§ YOUR GOAL
Set down every entry word for word. Omit the pictures.

*** Opening RECORDED DATA ***

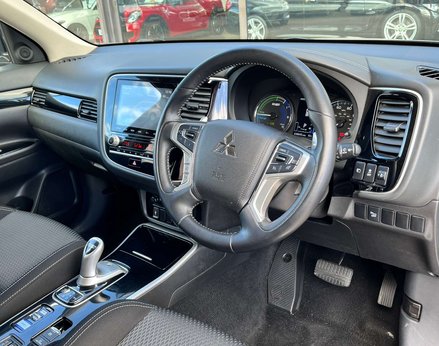 Mitsubishi Outlander 2.4 Outlander Design PHEV CVT 4WD 5dr 18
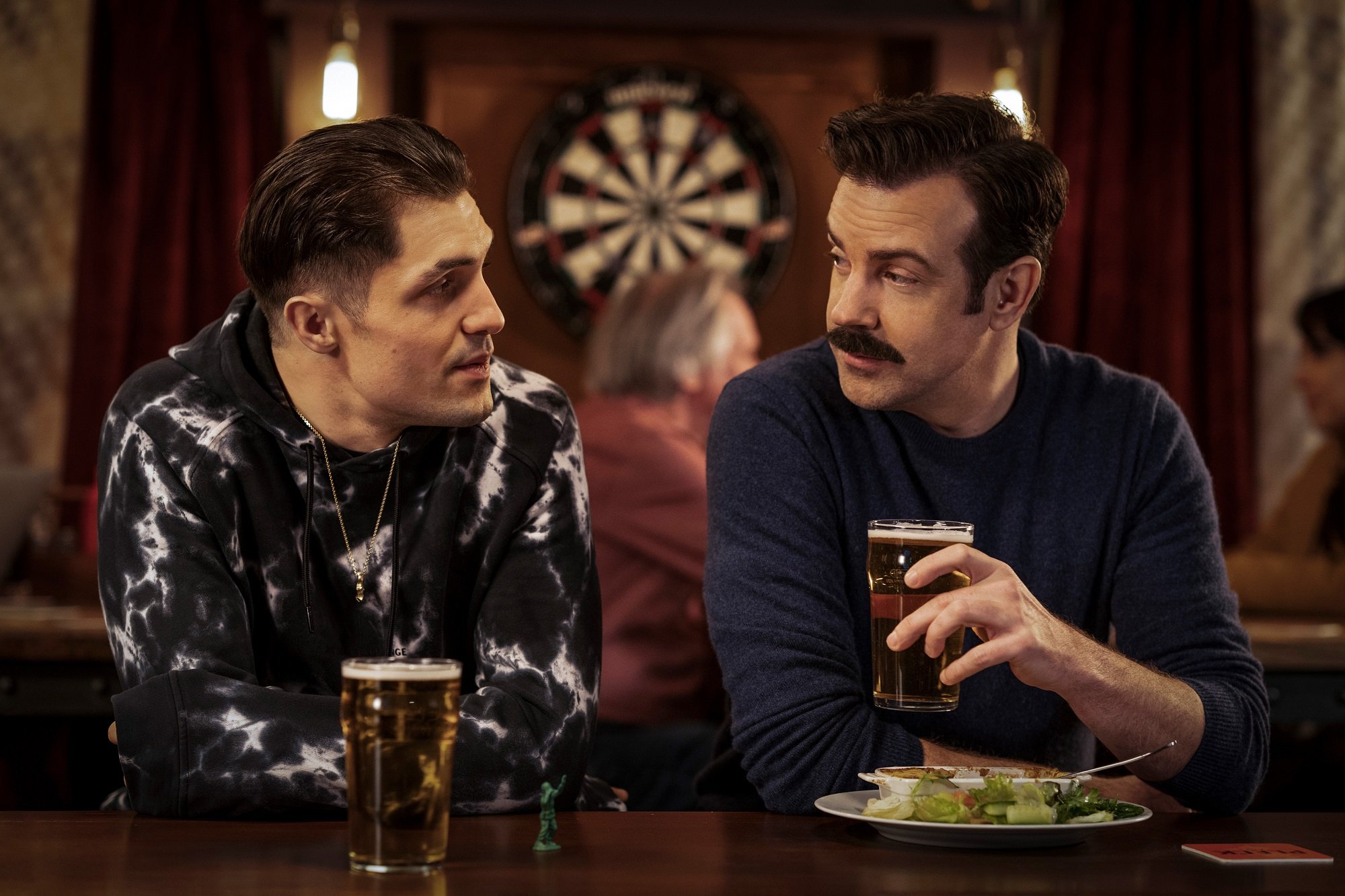 Jamie Tartt and Ted Lasso meet at a restaurant and drink beer in 'Ted Lasso'
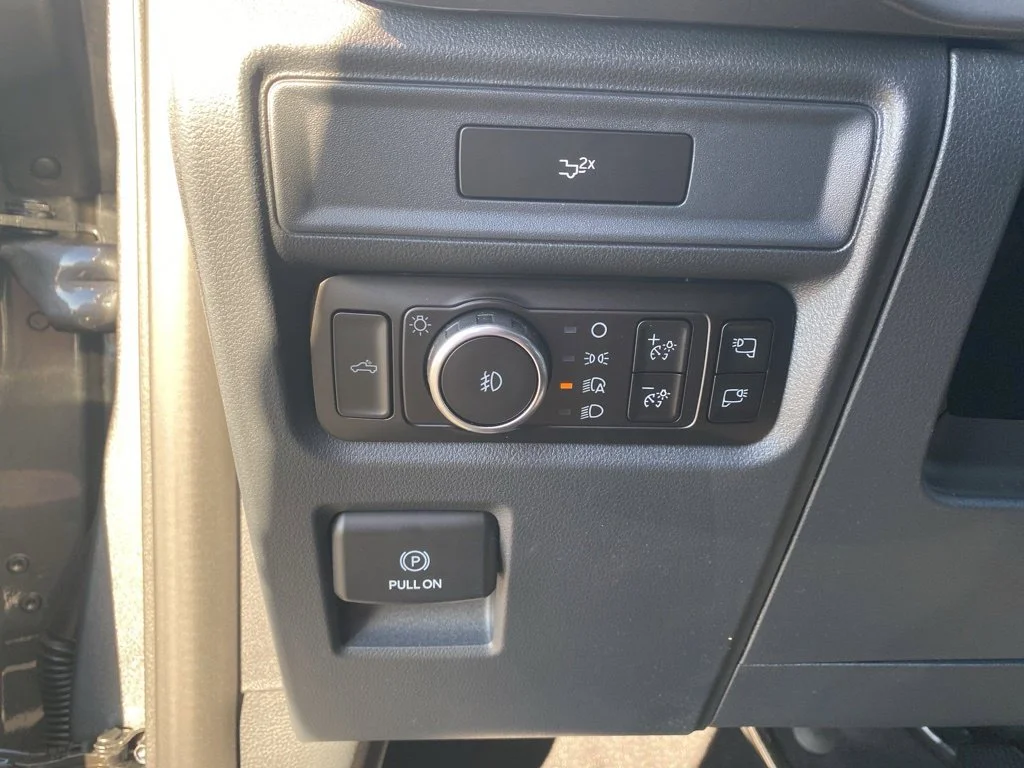 New 2026 Carbonized Gray Metallic Ford XLT image 16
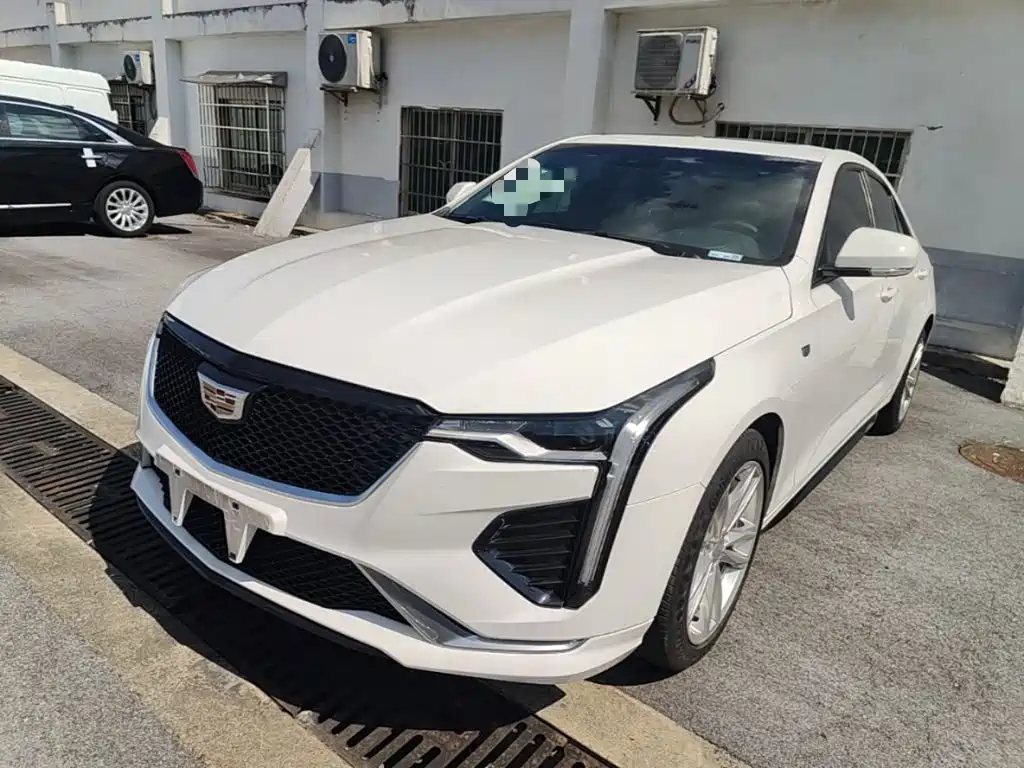 Cadillac CT4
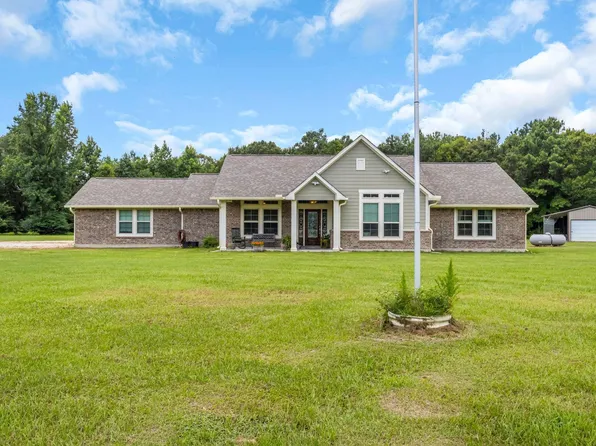 7816 McDonald Ln, Silsbee, TX 77656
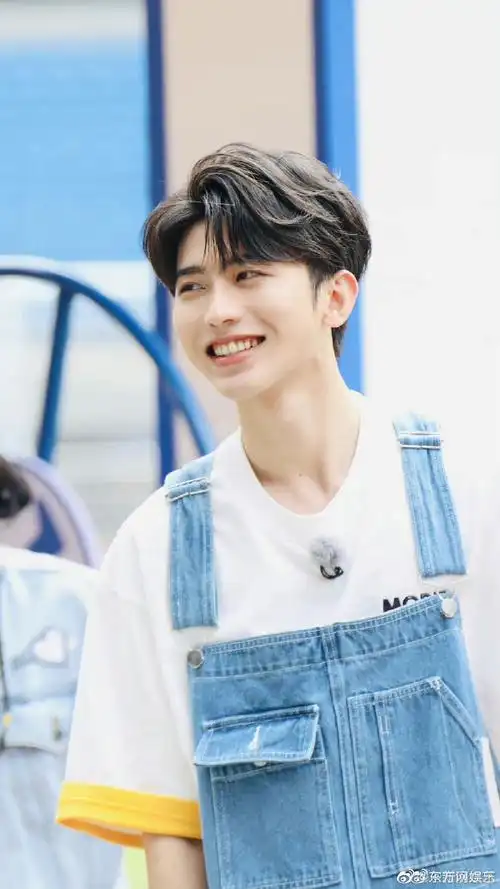 蔡徐坤的笑容好元气##蔡徐坤穿背带裤比耶好甜##奔跑吧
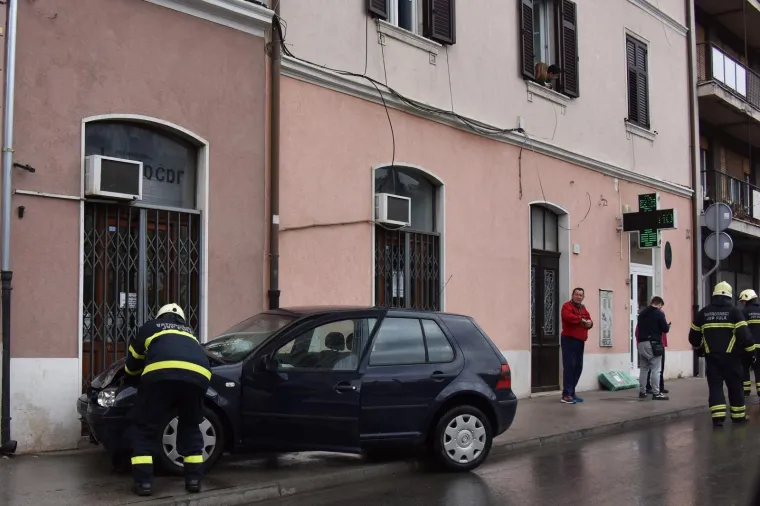 U stravičnom sudaru dva automobila ozlijeđene tri osobe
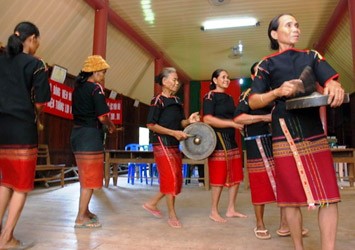 ຕີຄ້ອງ Jho ເຊິ່ງແມ່ນການເຄື່ອນໄຫວວັດທະນະທຳພິເສດສະເພາະຂອງແມ່ຍິງຊົນເຜົ່າ E de Bih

*** Closing RECORDED DATA ***

§ SOLUTION FOR THIS TASK
 Mitsubishi Outlander 2.4 Outlander Design PHEV CVT 4WD 5dr 18
 Jamie Tartt and Ted Lasso meet at a restaurant and drink beer in 'Ted Lasso'
 New 2026 Carbonized Gray Metallic Ford XLT image 16
 Cadillac CT4
 7816 McDonald Ln, Silsbee, TX 77656
 蔡徐坤的笑容好元气##蔡徐坤穿背带裤比耶好甜##奔跑吧
 U stravičnom sudaru dva automobila ozlijeđene tri osobe
 ຕີຄ້ອງ Jho ເຊິ່ງແມ່ນການເຄື່ອນໄຫວວັດທະນະທຳພິເສດສະເພາະຂອງແມ່ຍິງຊົນເຜົ່າ E de Bih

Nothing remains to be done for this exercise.